绿已染黛的时候,蝉声又唱响了,多么熟悉的声音,又是那么的亲切,一年一度的唱响,每岁一次的蝉鸣,但对于我每增一岁,声音却是那样的让我心动,不禁然时却潸然泪下。
蝉是我儿时的伙伴,是我儿时的朋友。
我家居住的地方多是沙土地,因而村里村外到处都有蝉的足迹。每年到夏天暑热的时候,蝉就开始唱响了,此一阵彼一阵,往往是此处停了,彼处却响了,炎热的夏天,这声音是聒噪,但也是夏天的歌唱。我和伙伴们则延着声音,穿梭于农村、河堤岸边等绿丛、树林之中在找蝉捉蝉。
我和伙伴们捉蝉的工具是竹竿、细铁丝和胶。胶是这样的:把农村墙角的蜘蛛网捣烂、搅和,再伴上涶沬就成了我们捉蝉的胶。把胶沾在细铁丝的一头——细铁丝不能过去柔弱,要有一定的硬度;尔后把铁丝再绑定在竹杆上,这样一个简单的捉蝉工具就成了。

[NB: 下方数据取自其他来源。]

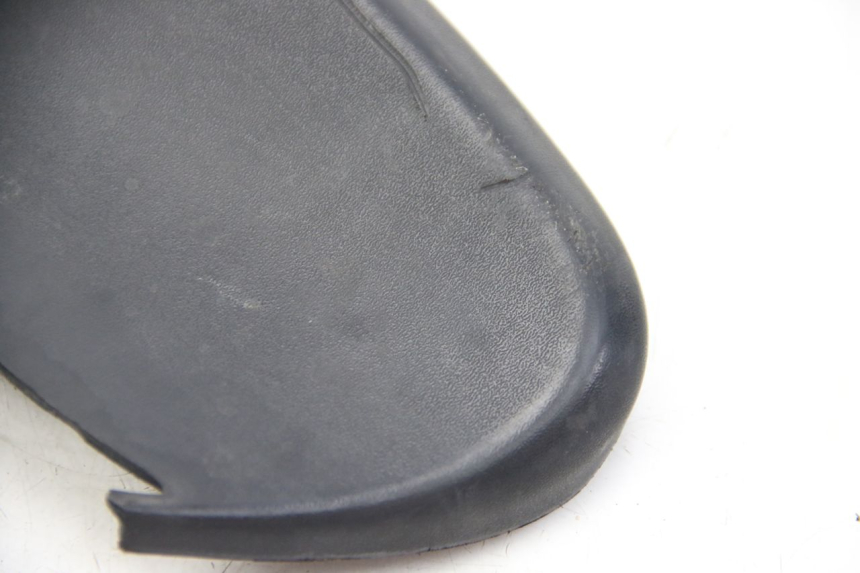 photo de LINKER FUßRASTENVERBINDUNG DERBI BOULEVARD 50 (2009 - 2006) - Zoom auf Gebrauchszustand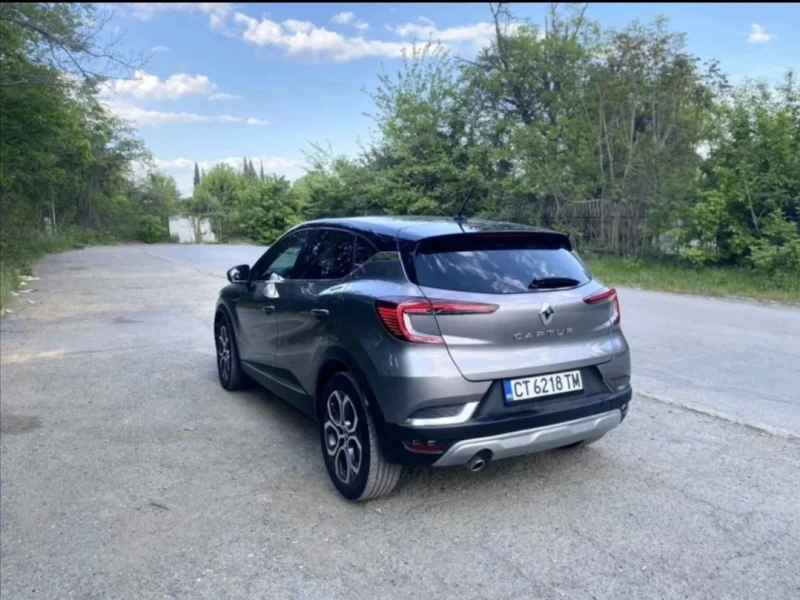 Renault Captur, снимка 6 - Автомобили и джипове - 52816449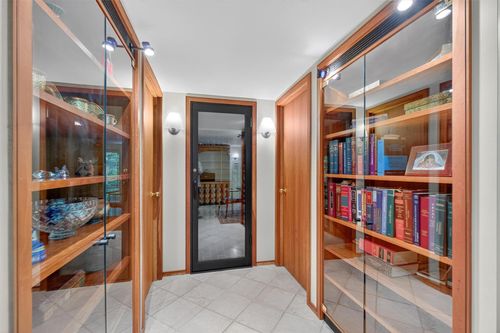 16 Gorge Ln, Pound Ridge, NY, 10576-2304 | Card Image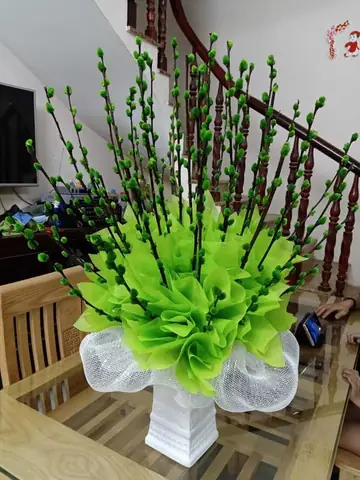 Bước Nào Để Trang Trí Bình Hoa Nụ Tầm Xuân Đẹp Mắt?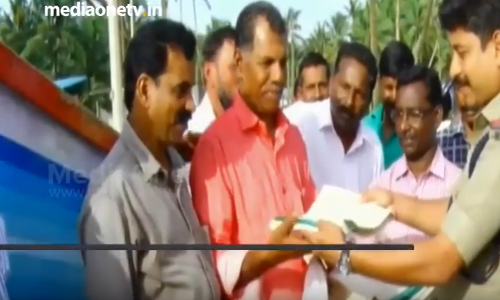 മരണത്തിന് വിട്ടുകൊടുക്കാതെ തങ്ങളെ കാത്ത കടലിന്റെ മക്കള്‍ക്ക് ഓണക്കോടിയുമായി അവരെത്തി 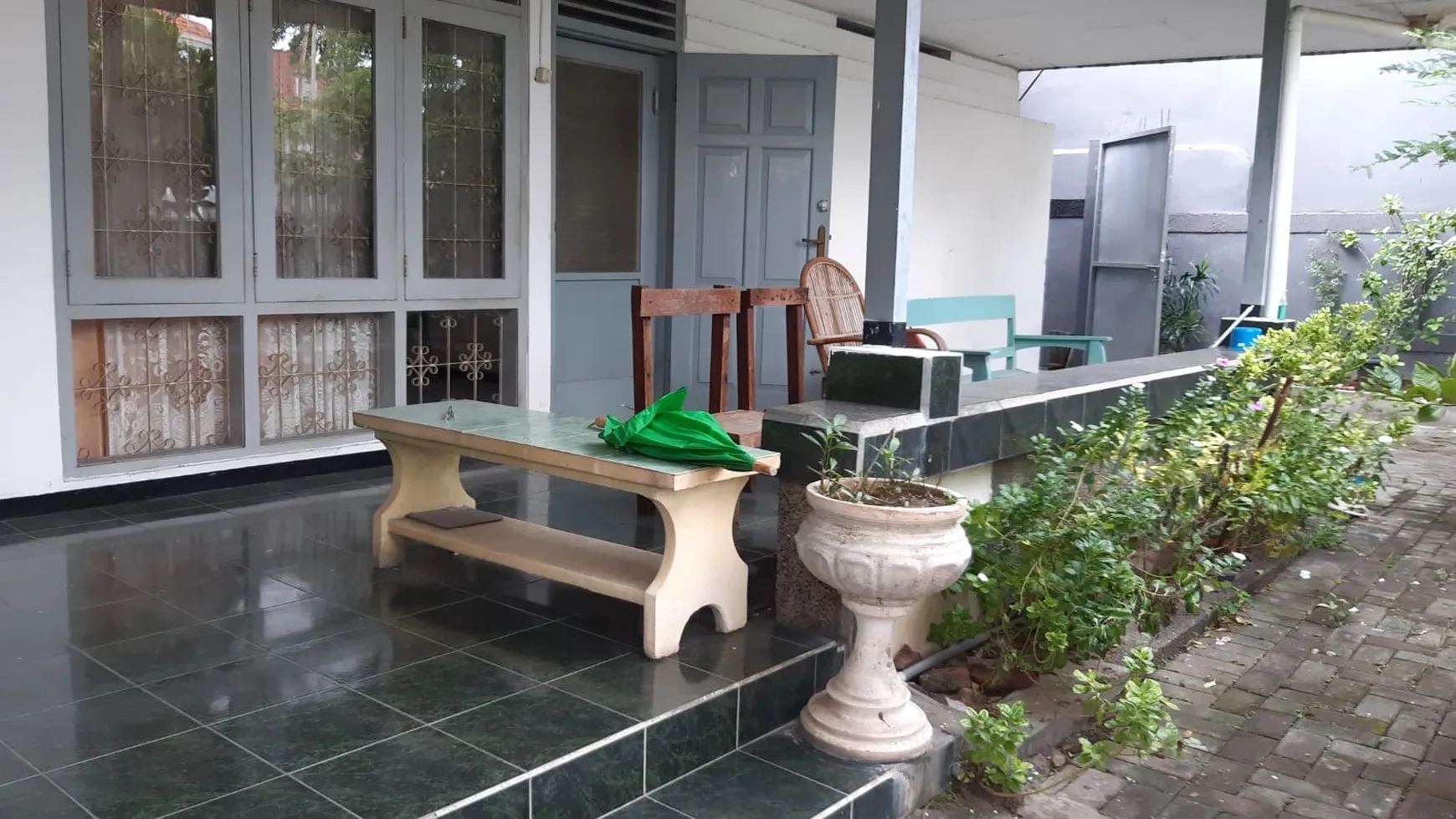 Jual Rumah Lama Bagus di Area Darmo Surabaya Strategis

有声音的地方就有蝉,蝉往往隐藏于大树顶端绿叶之间,我和伙伴们发现了蝉之后,就轻轻的爬上树,在一个树杈上坐定,而后悄悄的把沾有胶的竹杆伸到它的后面,在它的翅膀下轻轻一按,这样一个鸣鸣得意、正在唱歌的蝉就成了我们的伙伴!
这样捉的蝉往往可陪伴我们一两天,我们把它的翅膀剪短以后或放在低矮的小树上,听它唱歌;或把它放在屋里,和它一起逗乐,看它爬呀爬的,急于逃跑。两天以后蝉因喝不到生命所需的露水就死亡了。蝉其实很可怜,大部分时间是在地下,短则三至七年,长则十年,然后才能破土而出!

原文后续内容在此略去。